It is in the book of Exodus, however, that the lamb truly comes into prominence; for there, the sacrifice and consumption of the lamb becomes the epicenter of life, both physical and spiritual. Pharaoh, in his stubbornness, had resisted the hardship of nine previous plagues. So, the last of the ten was decreed as the ultimate judgement for refusing to accept God’s will: the first born of every family, flock, and herd was to die on a single night. It was a dreadful collision between the will of Pharaoh and the will of God; but it confirmed once and for all that Pharaoh was but a god who could be crushed when confronted by the true Almighty.
In the center of this epic battle was a lamb.
Each Israelite family was to select an unblemished lamb, slaughter it and roast it, not for sacrifice, but for the family meal that same evening. It’s blood was to be touched to the lintel and doorposts of each Israelite house; and the blood was a sign to the angels executing God’s will: death shall not enter! And so the blood of the lamb was life for all who lived therein.
The truth made concrete in this historical incident was but a shadow of the transcendent truth it anticipated. The physical lives saved through the lamb and it’s blood in ancient times signaled a far greater event to be realized two thousand years later. A new lamb was to come. Like the original that both died and saved on that night in Egypt “He opened not his mouth; like a lamb that is led to the slaughter, and like a sheep that before its shearers is silent, so he opened not his mouth.” (Isaiah 53:7) The mute surrender of the lamb that gave its own life to protect thousands from death foreshadowed the willing surrender of a later ‘lamb’ whose submission would empower eternal life of millions. It is because of the lamb that breathed new life into that earlier, ancient promise that we can now see in a mirror, if only dimly, what life is still to come.

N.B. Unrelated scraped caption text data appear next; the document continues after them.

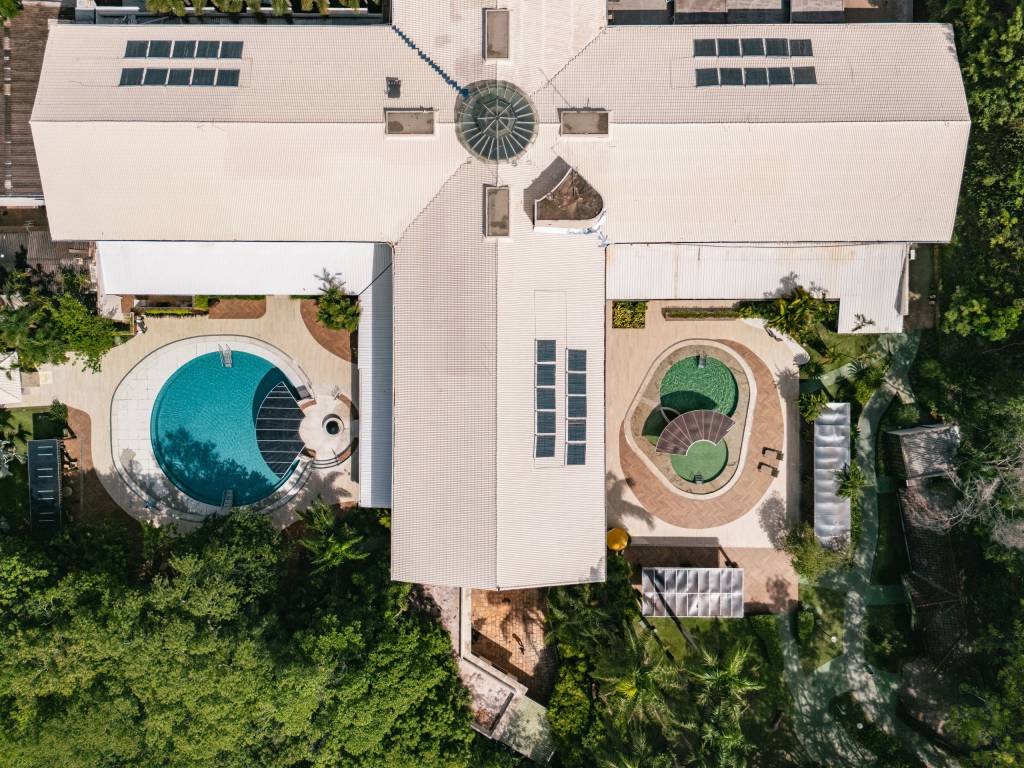 Vista aérea de um complexo de lazer com telhados claros, duas piscinas e muita vegetação. À esquerda, uma piscina azul em formato de C com deck de madeira. À direita, duas piscinas menores de formato oval com água esverdeada. Painéis solares e claraboias no telhado complementam a estrutura.
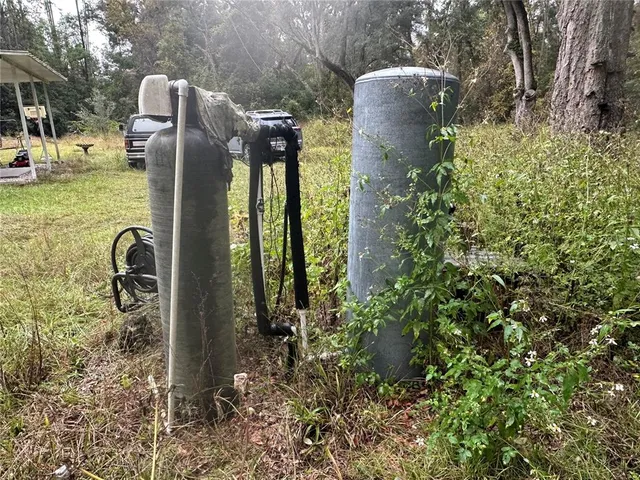 a view of outdoor space with deck and yard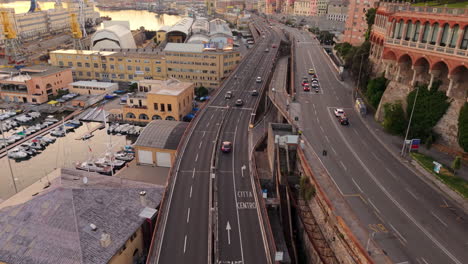 drone shot of genoa port in italy with highway, cars, boats and city buildings at sunset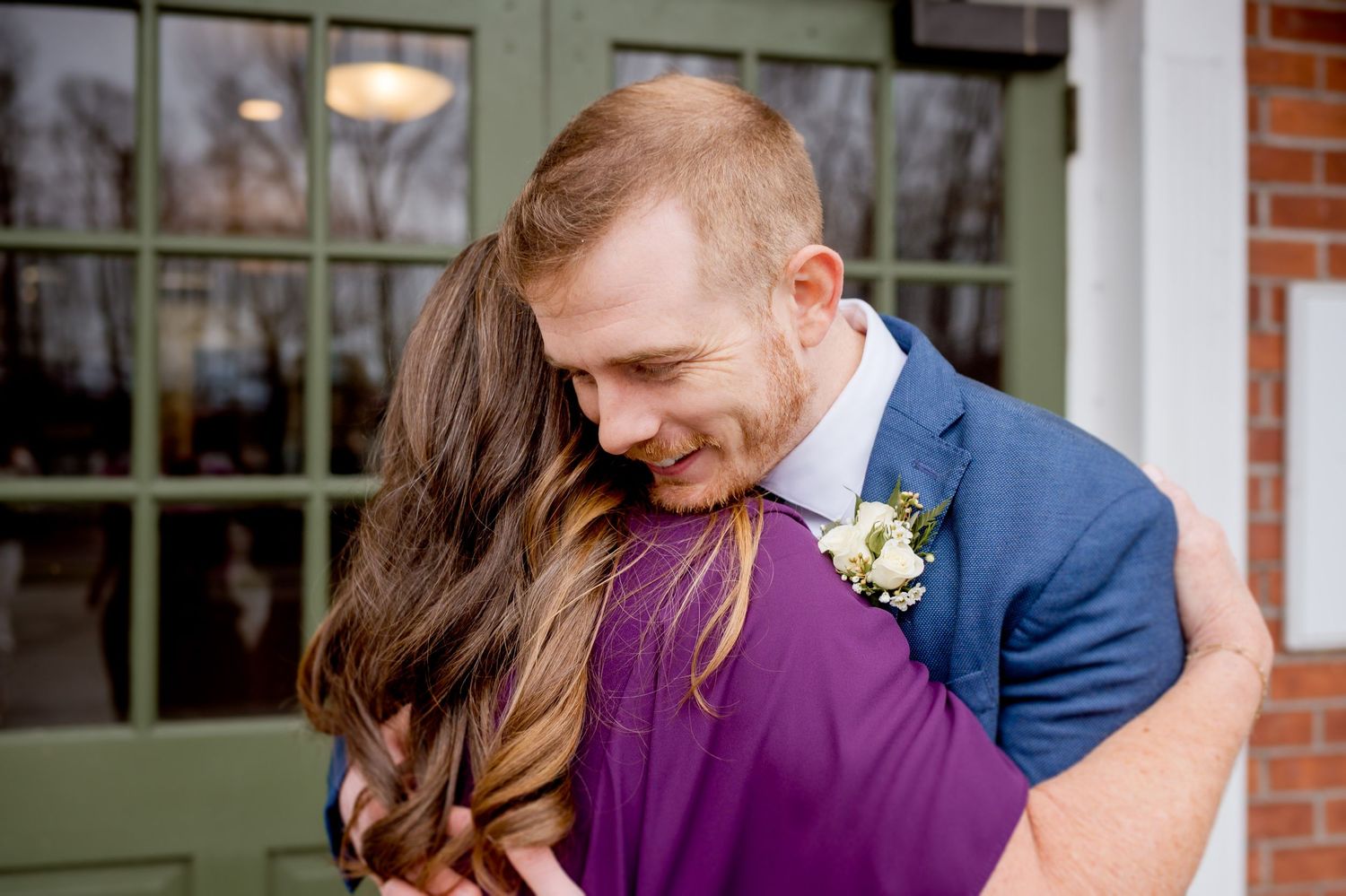 Wedding couple sharing a romantic moment against a green door backdrop.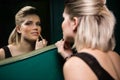 Woman applying lips gloss while looking at mirror Royalty Free Stock Photo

We have many names for Jesus. At this time of year he is most frequently referred to as the holy child or some variation of that identifying name. Later he would be known as the Word, the Christ, the savior, the Son of David, the king, the Son of God, or one of hundreds of others. But none of these exalted titles and names was chosen by John, the evangelist, to introduce him as he entered public life. Rather, he chose the title which spoke of the familiarity of a common meal, the title which was identical with the ultimate surrender to God, the title which recalled how life was given through the shedding of blood.
[John] saw Jesus coming toward him, and said, "Behold, the Lamb of God, who takes away the sin of the world!” (John 1:29)
The Church ends it’s liturgical year with text from the book of Revelation: “Then I looked and there was the Lamb standing on Mount Zion.” It is the stance of triumph. It is the classic image of the conqueror. But what immediately follows on our calendars is not the season of the lamb. Rather, it is the season when we celebrate the king who came as an infant. It is the season of a silent night, a holy night. It is the season when the “all-powerful word leaped from heaven, from the royal throne, into the midst of the land that was doomed.” (Wisdom of Solomon 18:14-15)
I’m a child when it comes to Christmas and the days of Advent when we prepare for its coming. But in reflecting on the lamb it occurs to me that maybe my image of the season needs to stretch a bit broader. The holy child may well be as cuddly as a lamb. But this lamb will give me himself for food and his blood will give me eternal life.